> **WHAT IS REQUIRED**
Return each entry word for word and skip its pictures.

> **RECORD EXTRACTS**
****************************************

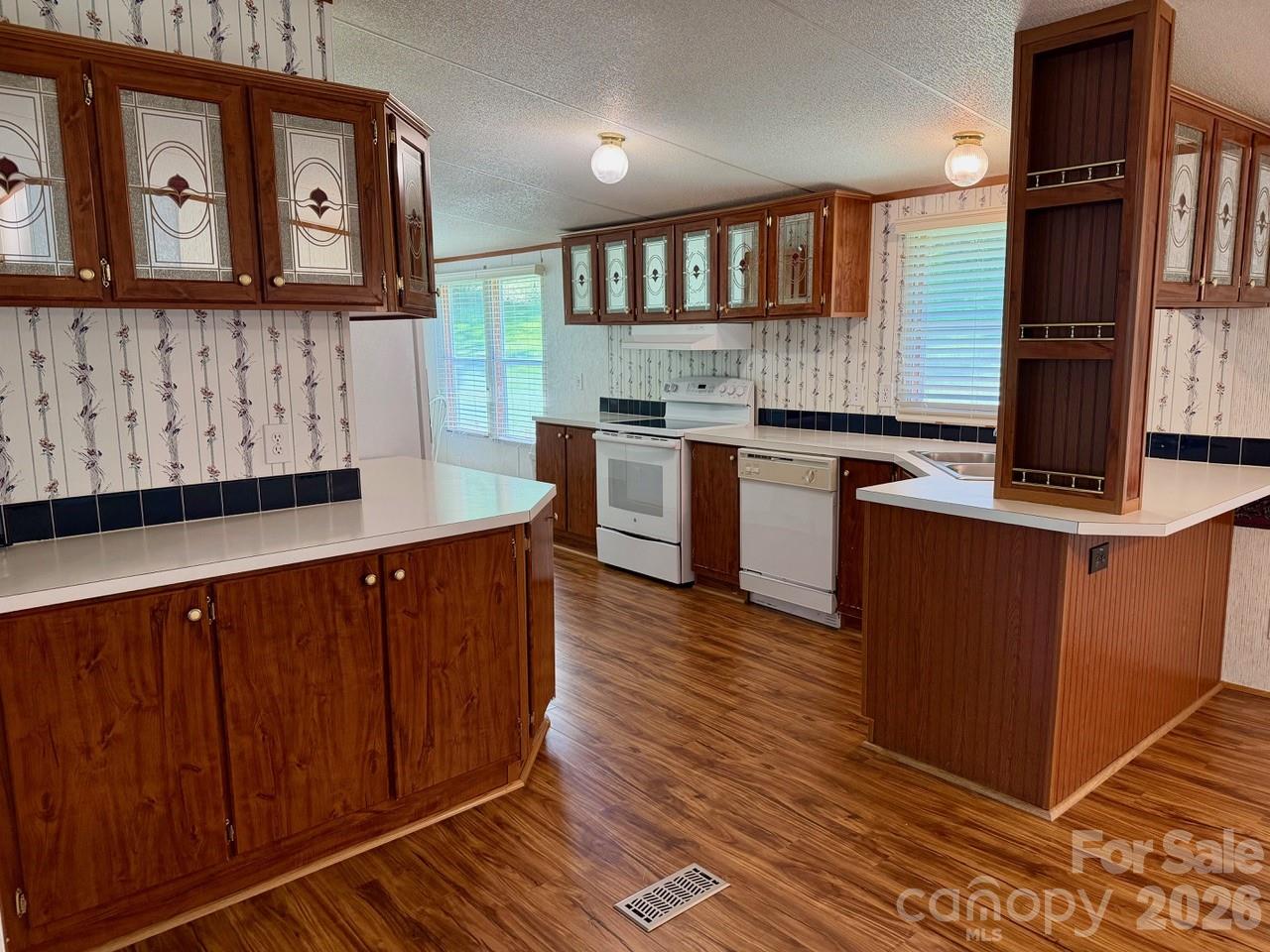 5493 Harris Farm Road Hickory, NC 28602 - Photo 16 of 38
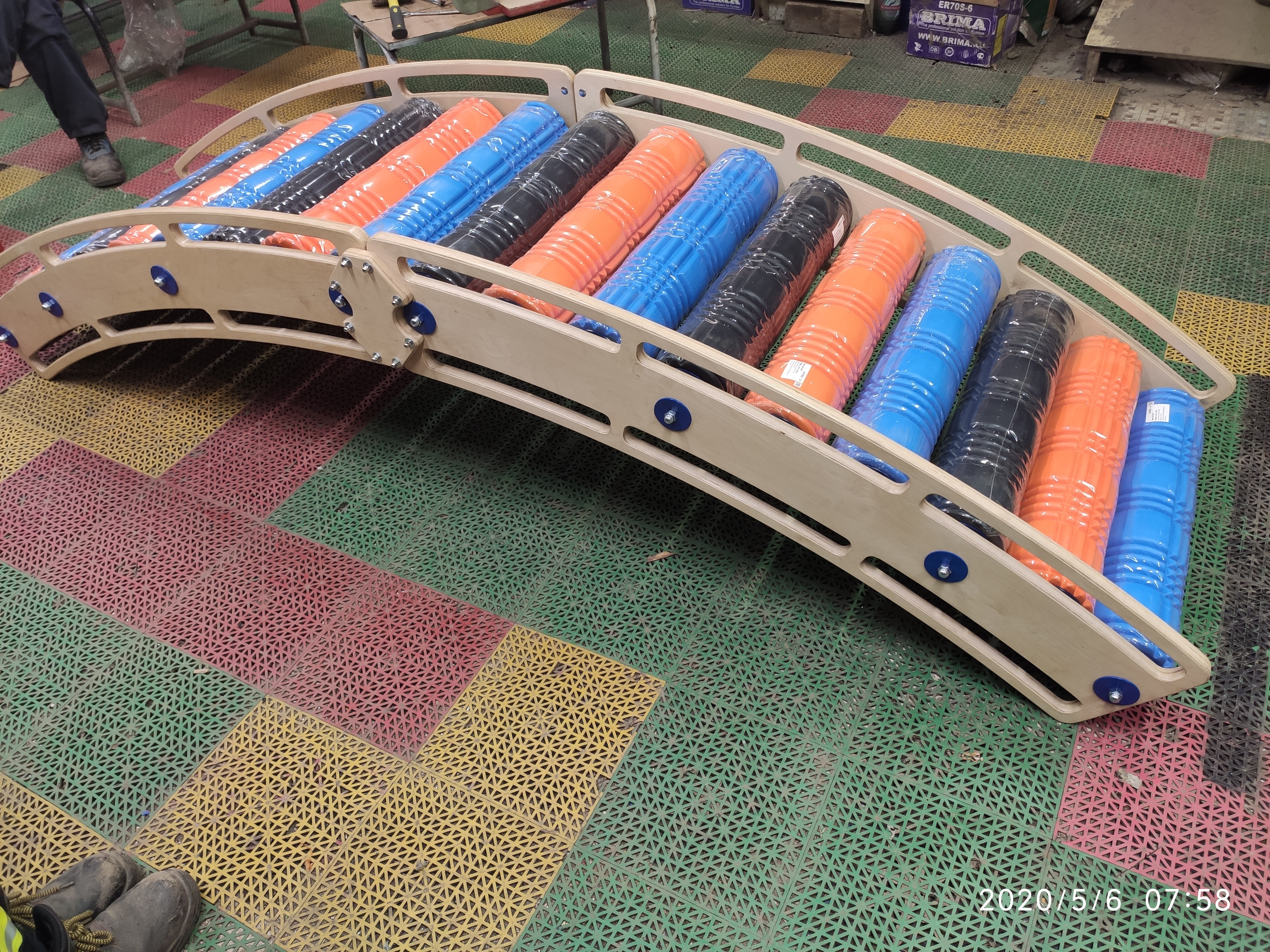 картинка Горка Радуга для ЛФК с роликами от производителя реабилитационного оборудования и ЛФК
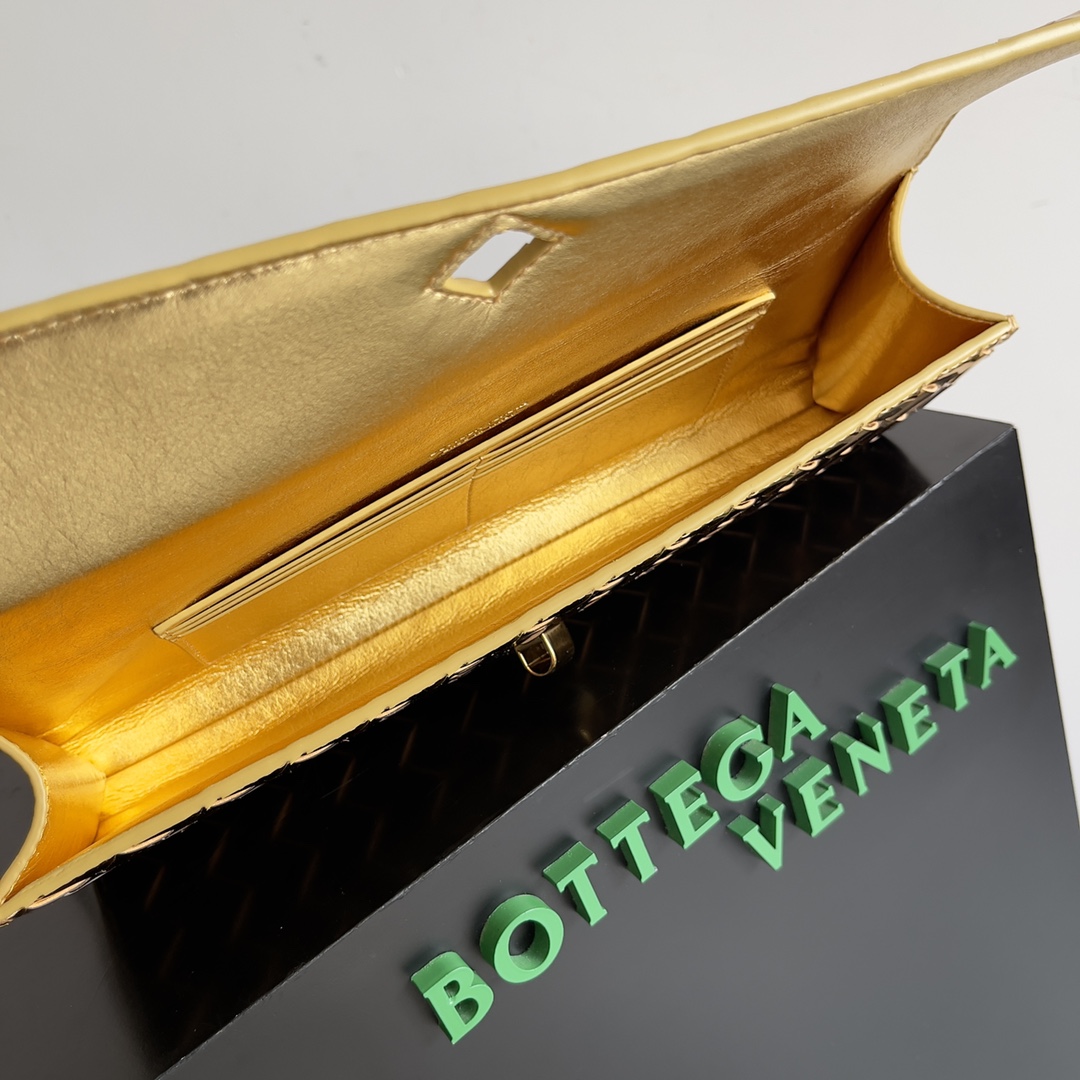 Bottega Veneta Andiamo Clutch 31*13*3cm - FashionPlug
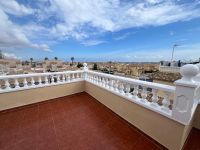 Well presented corner house in central location in Playa Flamenca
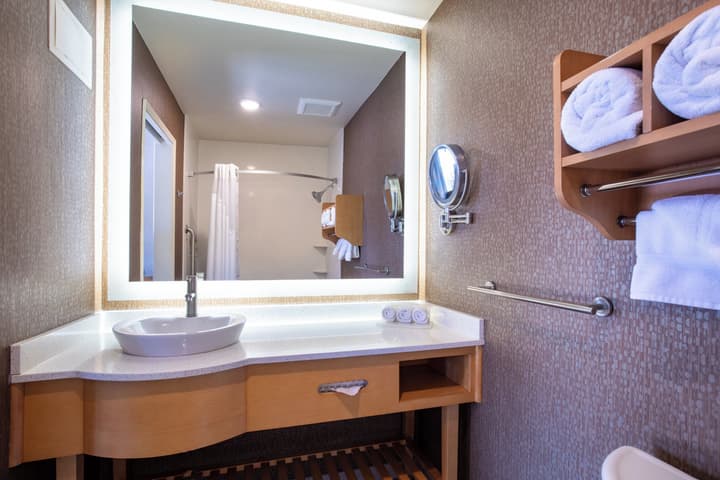 Holiday Inn Express Monterey-Cannery Row by IHG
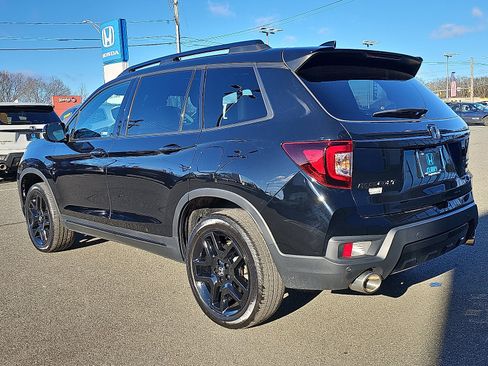 Used 2024 Honda Passport Black Edition image 6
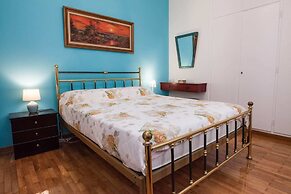 Beautiful Retro Apt in Koukaki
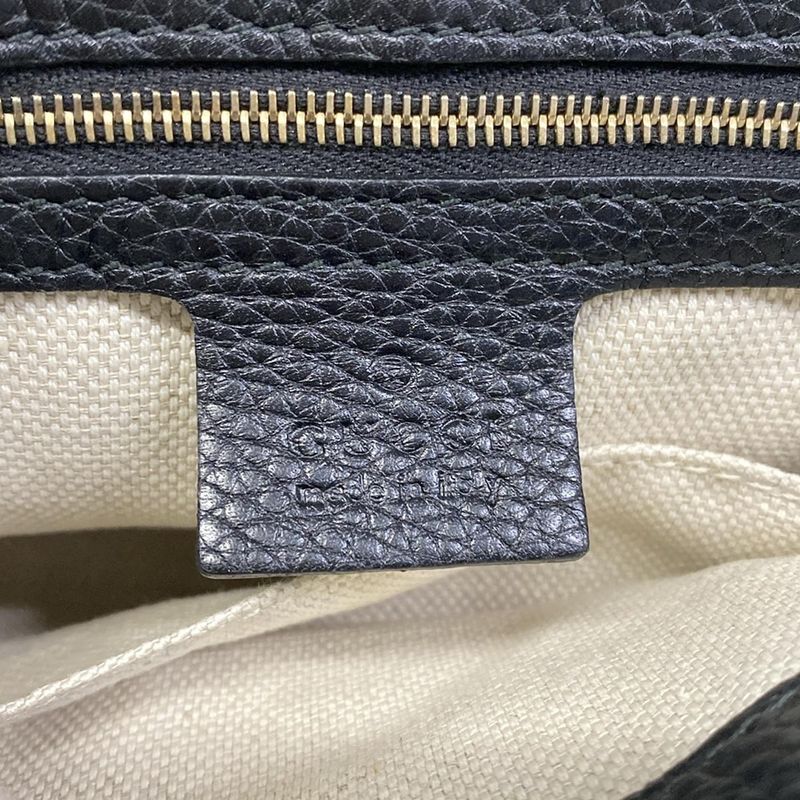 Gucci Shoulder Bag Soho Black Chain Leather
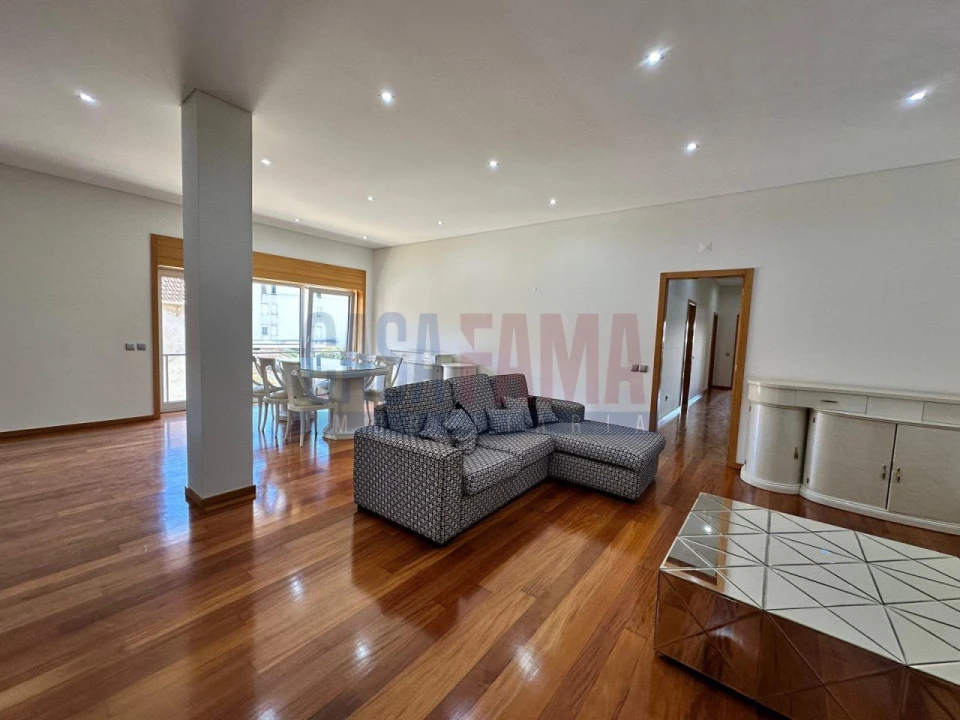 Apartamento T4 para Venda em Póvoa de Varzim, Beiriz e Argivai Foto 7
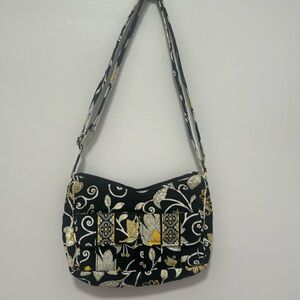 LAST CHANCE!! Vera Bradley like new handbag purse in excellent condition.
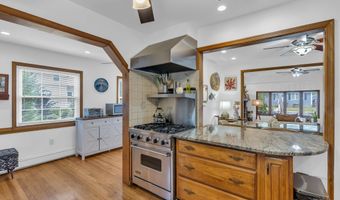 854 Main St, Belford, NJ 07718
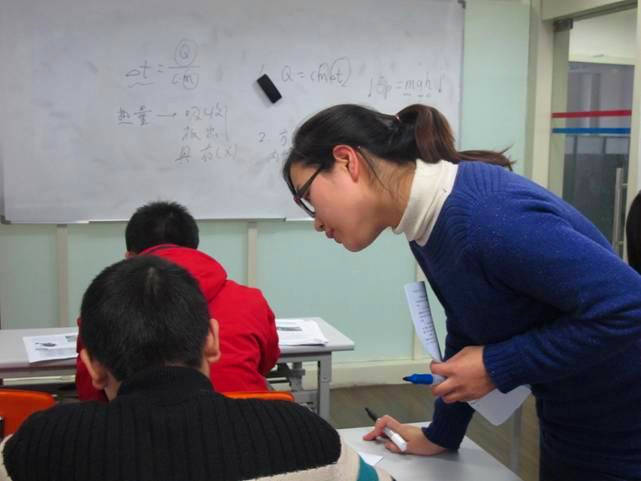 初學學生，一對一補課，有何利弊，學校老師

****************************************

> **WRITTEN SOLUTION**
 5493 Harris Farm Road Hickory, NC 28602 - Photo 16 of 38
 картинка Горка Радуга для ЛФК с роликами от производителя реабилитационного оборудования и ЛФК
 Bottega Veneta Andiamo Clutch 31*13*3cm - FashionPlug
 Well presented corner house in central location in Playa Flamenca
 Holiday Inn Express Monterey-Cannery Row by IHG
 Used 2024 Honda Passport Black Edition image 6
 Beautiful Retro Apt in Koukaki
 Gucci Shoulder Bag Soho Black Chain Leather
 Apartamento T4 para Venda em Póvoa de Varzim, Beiriz e Argivai Foto 7
 LAST CHANCE!! Vera Bradley like new handbag purse in excellent condition.
 854 Main St, Belford, NJ 07718
 初學學生，一對一補課，有何利弊，學校老師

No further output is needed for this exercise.